==== Data to examine ====

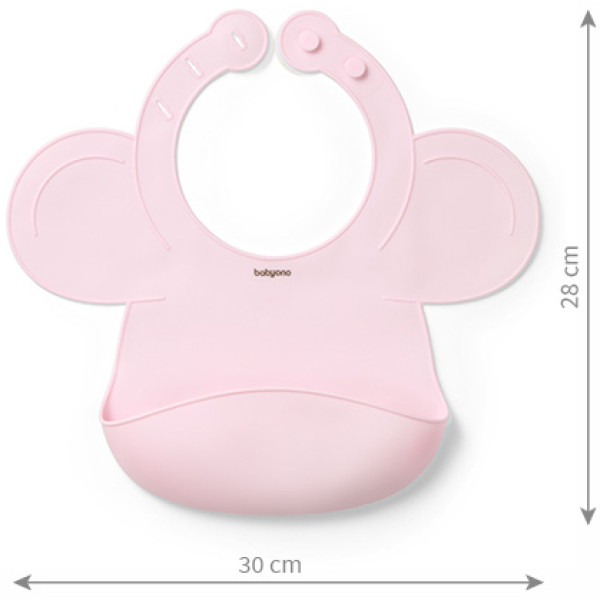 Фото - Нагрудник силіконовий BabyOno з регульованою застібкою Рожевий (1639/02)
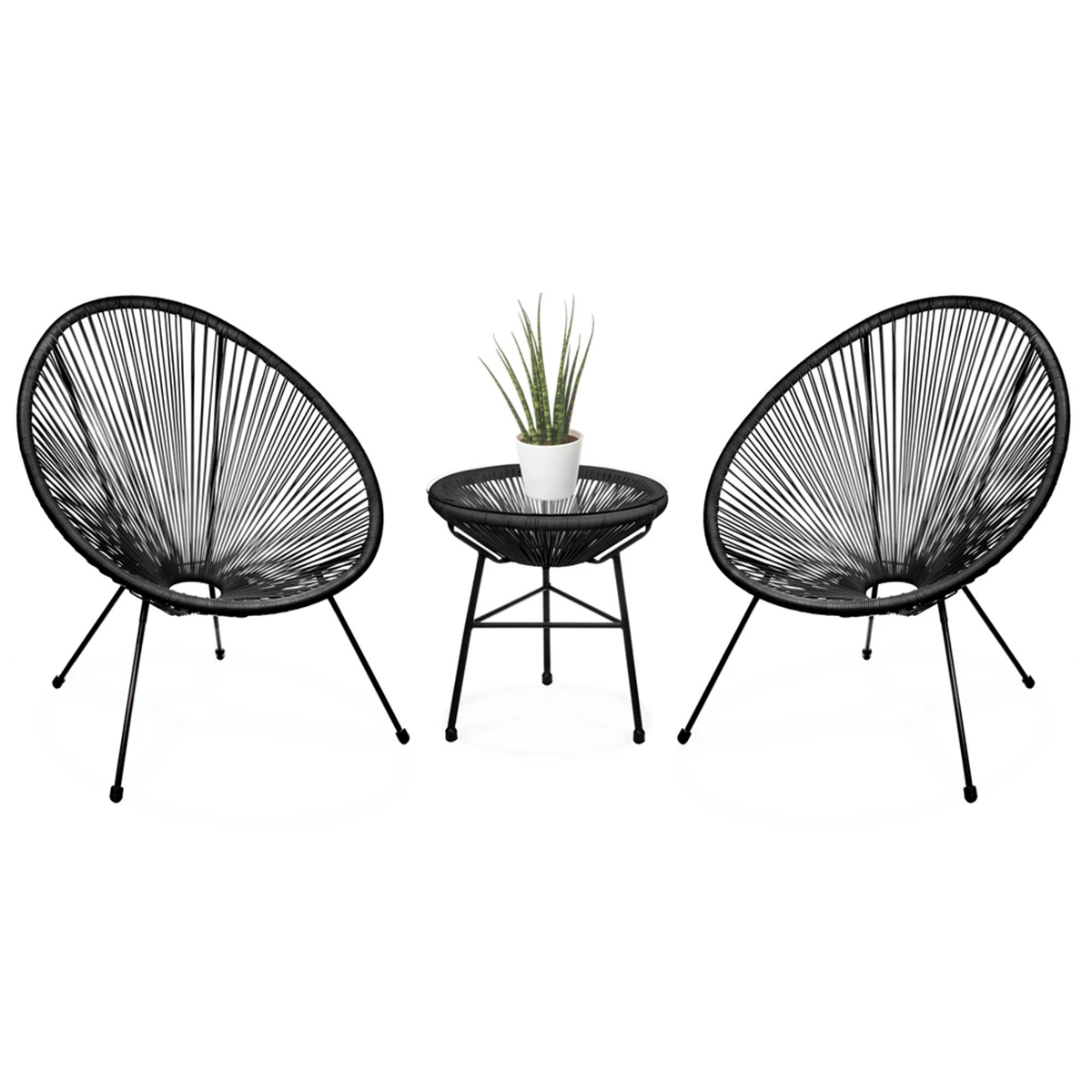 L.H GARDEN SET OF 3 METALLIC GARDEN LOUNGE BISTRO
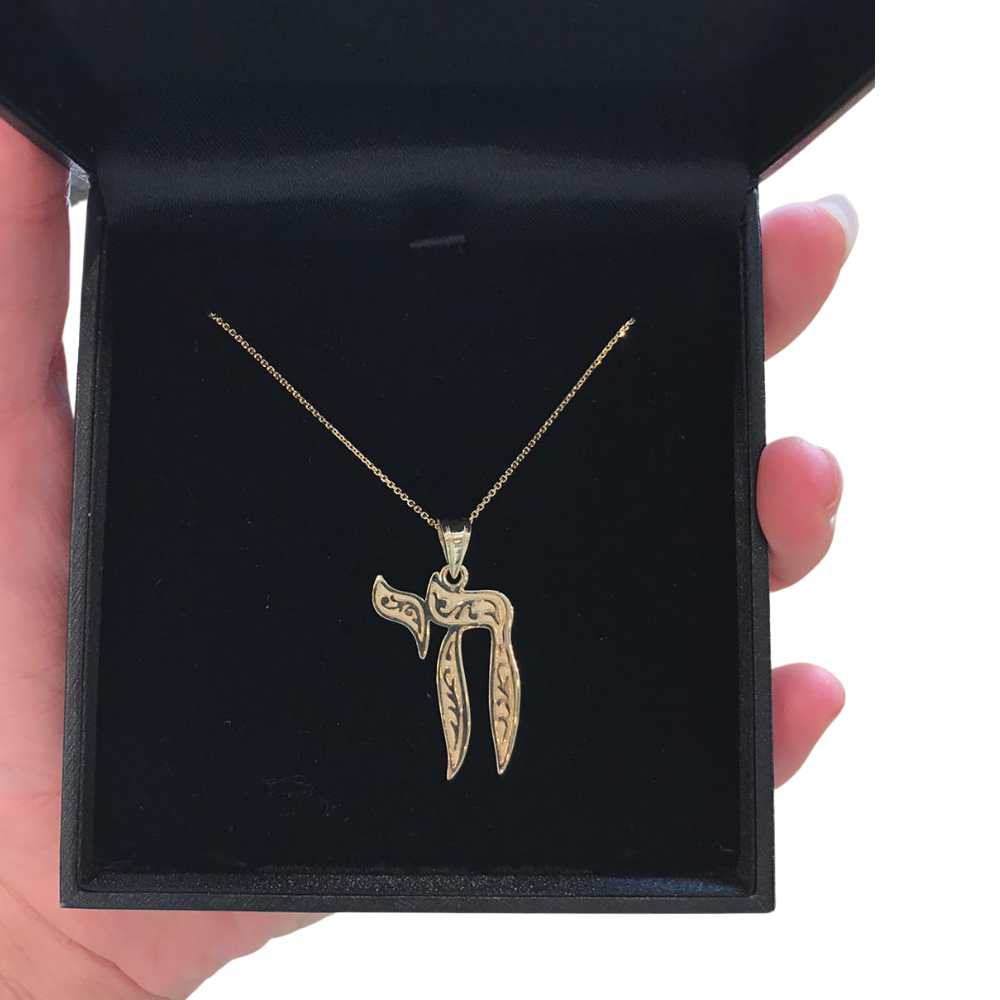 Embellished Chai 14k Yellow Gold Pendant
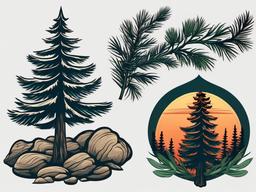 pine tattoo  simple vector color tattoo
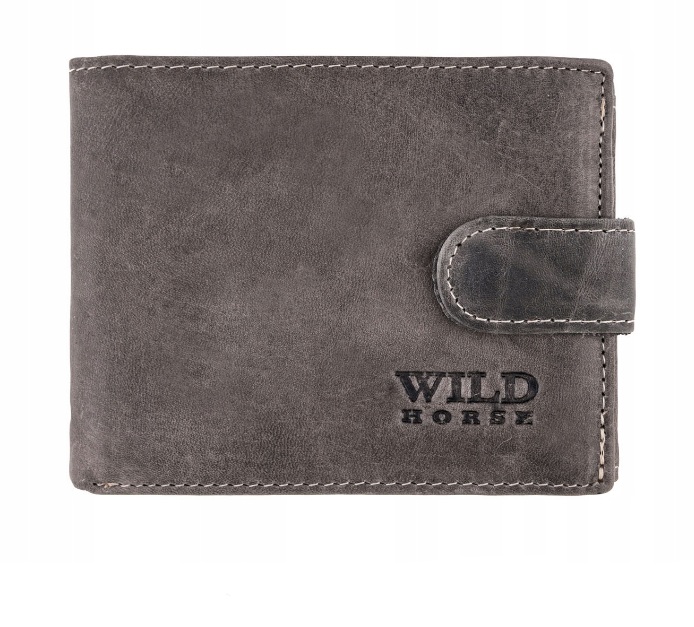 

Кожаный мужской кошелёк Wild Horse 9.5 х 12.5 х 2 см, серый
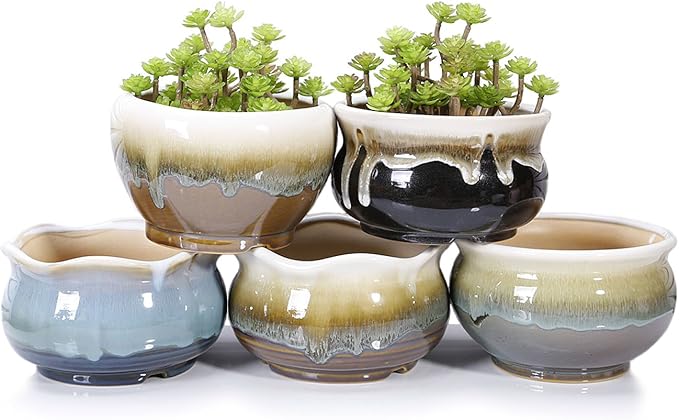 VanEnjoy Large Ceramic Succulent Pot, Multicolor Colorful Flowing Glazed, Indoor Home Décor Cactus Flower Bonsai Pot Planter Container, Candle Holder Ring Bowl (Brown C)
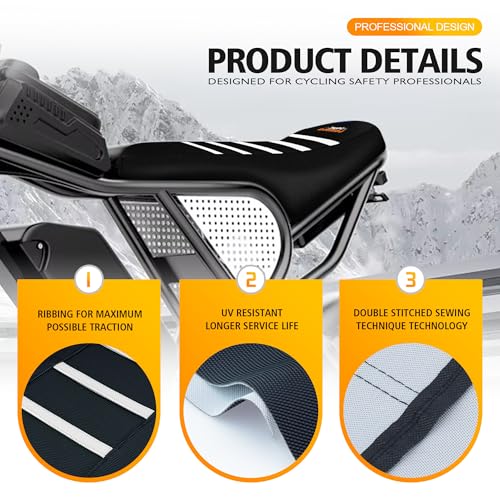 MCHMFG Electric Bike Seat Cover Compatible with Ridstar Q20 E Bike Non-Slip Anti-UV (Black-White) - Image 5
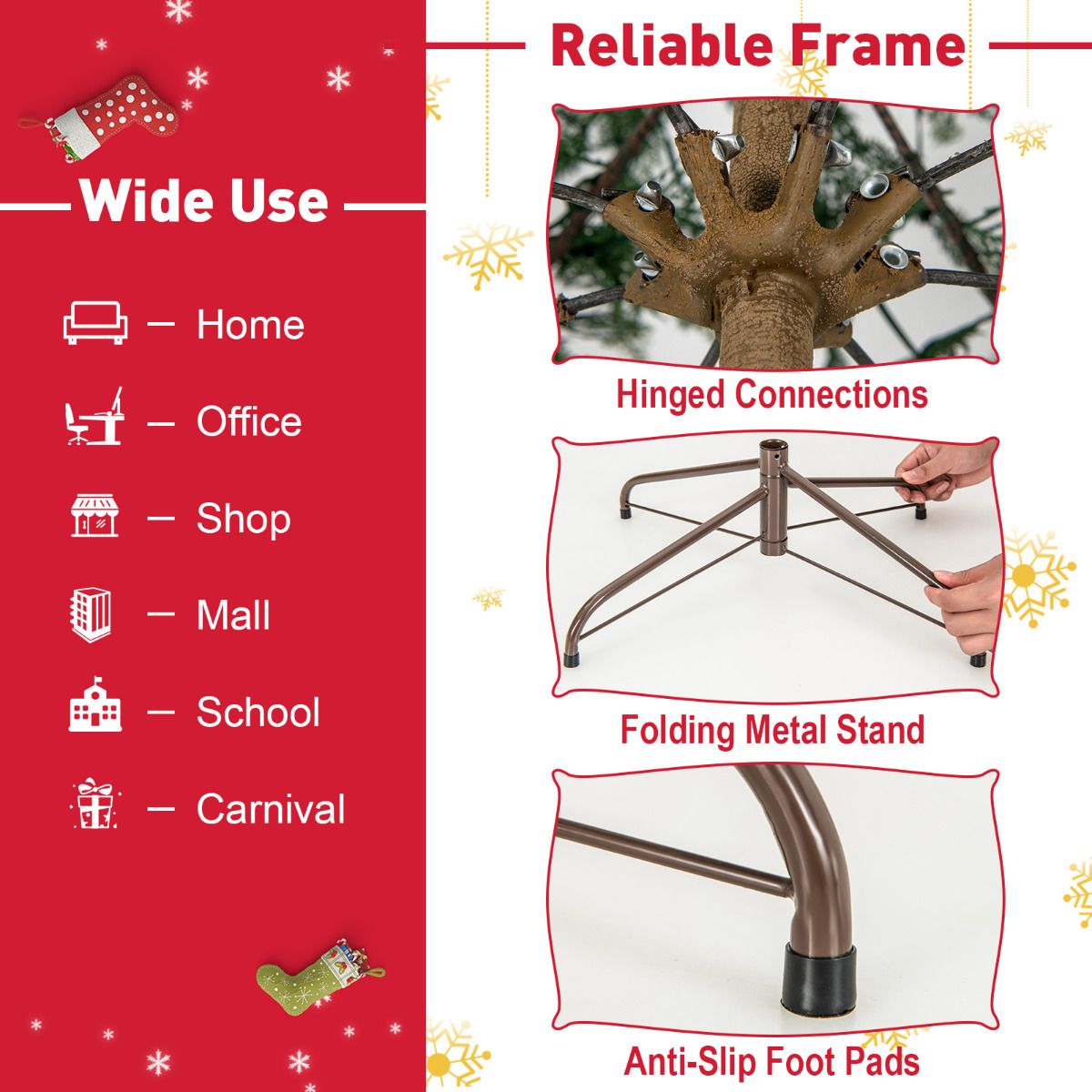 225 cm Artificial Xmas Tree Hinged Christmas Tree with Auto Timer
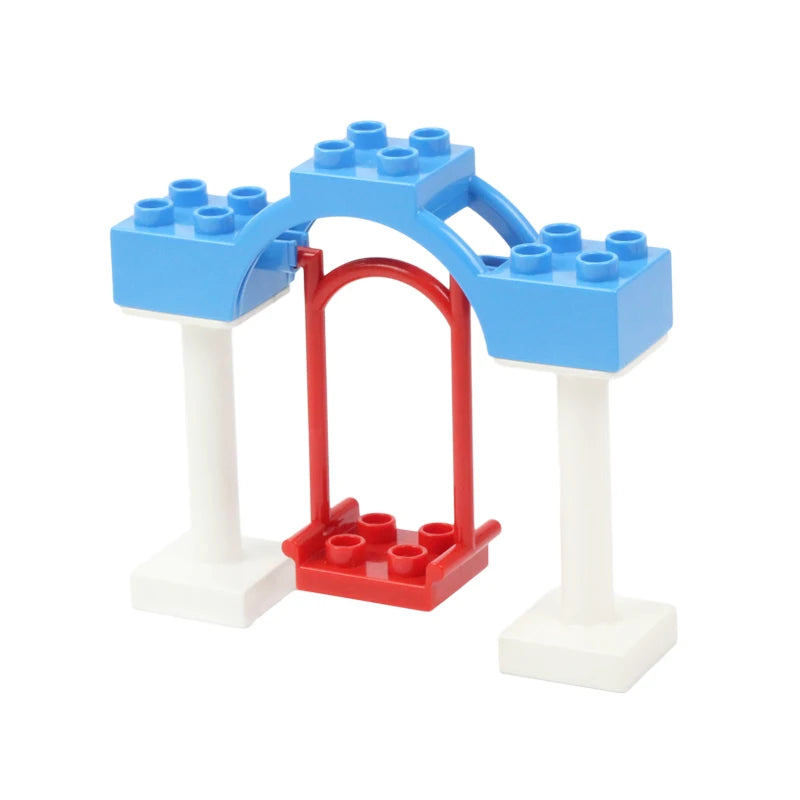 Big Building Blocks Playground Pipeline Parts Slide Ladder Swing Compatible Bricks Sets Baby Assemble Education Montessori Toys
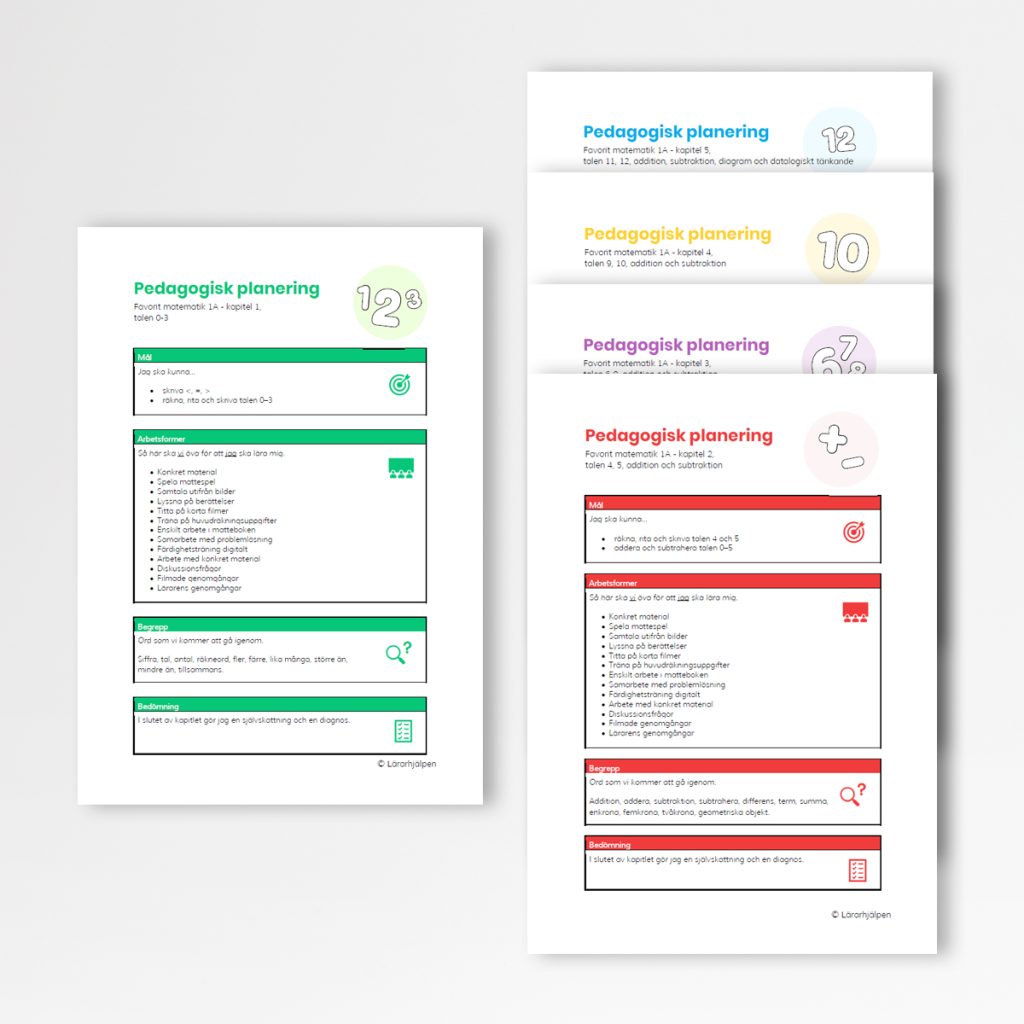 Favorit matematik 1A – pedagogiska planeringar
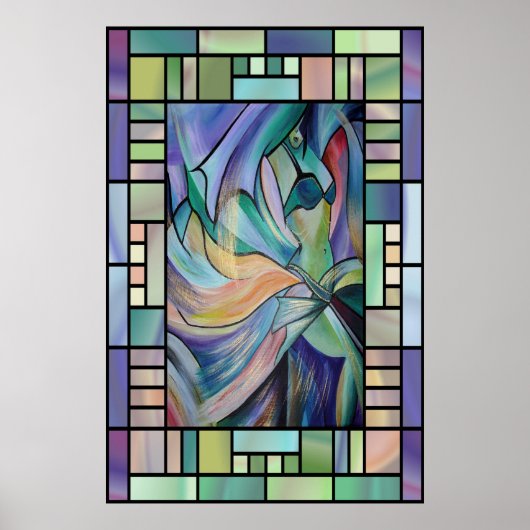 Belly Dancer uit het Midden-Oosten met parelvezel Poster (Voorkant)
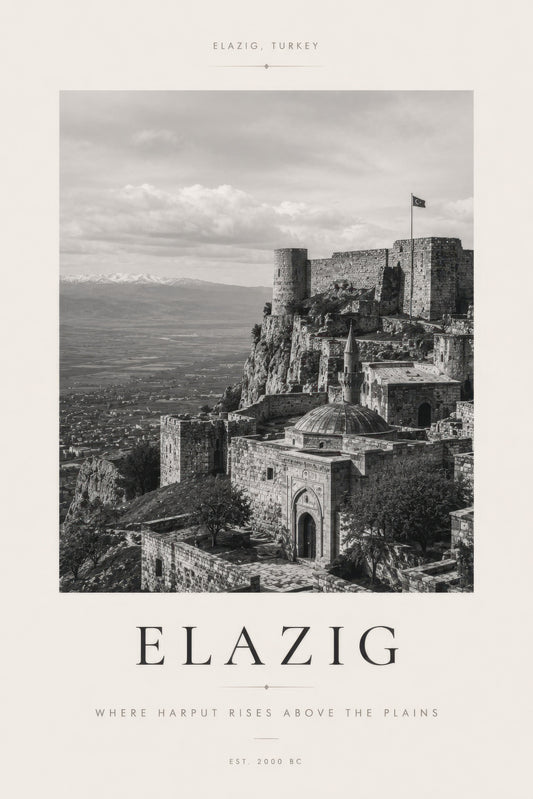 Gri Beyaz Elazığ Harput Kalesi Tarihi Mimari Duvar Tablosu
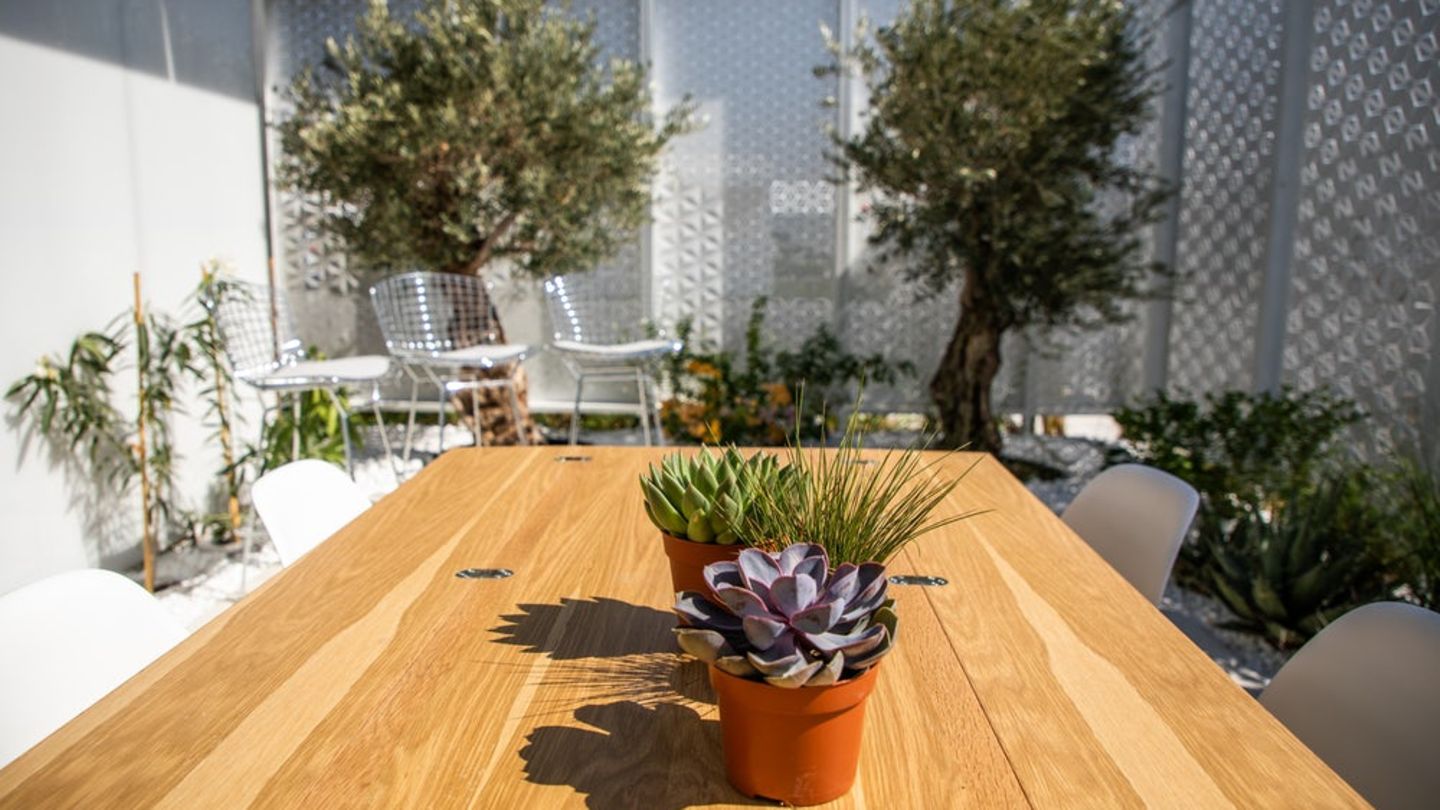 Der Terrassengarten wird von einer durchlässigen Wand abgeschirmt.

====

→ Aim of the task
Write the data above out again exactly, minus its pictures.

→ Solution to this exercise
 Фото - Нагрудник силіконовий BabyOno з регульованою застібкою Рожевий (1639/02)
 L.H GARDEN SET OF 3 METALLIC GARDEN LOUNGE BISTRO
 Embellished Chai 14k Yellow Gold Pendant
 pine tattoo  simple vector color tattoo

Кожаный мужской кошелёк Wild Horse 9.5 х 12.5 х 2 см, серый
 VanEnjoy Large Ceramic Succulent Pot, Multicolor Colorful Flowing Glazed, Indoor Home Décor Cactus Flower Bonsai Pot Planter Container, Candle Holder Ring Bowl (Brown C)
 MCHMFG Electric Bike Seat Cover Compatible with Ridstar Q20 E Bike Non-Slip Anti-UV (Black-White) - Image 5
 225 cm Artificial Xmas Tree Hinged Christmas Tree with Auto Timer
 Big Building Blocks Playground Pipeline Parts Slide Ladder Swing Compatible Bricks Sets Baby Assemble Education Montessori Toys
 Favorit matematik 1A – pedagogiska planeringar
 Belly Dancer uit het Midden-Oosten met parelvezel Poster (Voorkant)
 Gri Beyaz Elazığ Harput Kalesi Tarihi Mimari Duvar Tablosu
 Der Terrassengarten wird von einer durchlässigen Wand abgeschirmt.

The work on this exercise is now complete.